What is being asked:
The data beneath this task is to be duplicated exactly, in its entirety.
==============================
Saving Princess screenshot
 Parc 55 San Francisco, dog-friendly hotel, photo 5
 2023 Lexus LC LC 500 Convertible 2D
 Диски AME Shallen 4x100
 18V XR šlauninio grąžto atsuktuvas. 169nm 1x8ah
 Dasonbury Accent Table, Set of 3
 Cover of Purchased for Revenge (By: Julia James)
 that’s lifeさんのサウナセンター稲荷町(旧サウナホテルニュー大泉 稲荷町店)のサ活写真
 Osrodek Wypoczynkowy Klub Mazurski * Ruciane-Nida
==============================
Exercise answer:
Saving Princess screenshot
 Parc 55 San Francisco, dog-friendly hotel, photo 5
 2023 Lexus LC LC 500 Convertible 2D
 Диски AME Shallen 4x100
 18V XR šlauninio grąžto atsuktuvas. 169nm 1x8ah
 Dasonbury Accent Table, Set of 3
 Cover of Purchased for Revenge (By: Julia James)
 that’s lifeさんのサウナセンター稲荷町(旧サウナホテルニュー大泉 稲荷町店)のサ活写真
 Osrodek Wypoczynkowy Klub Mazurski * Ruciane-Nida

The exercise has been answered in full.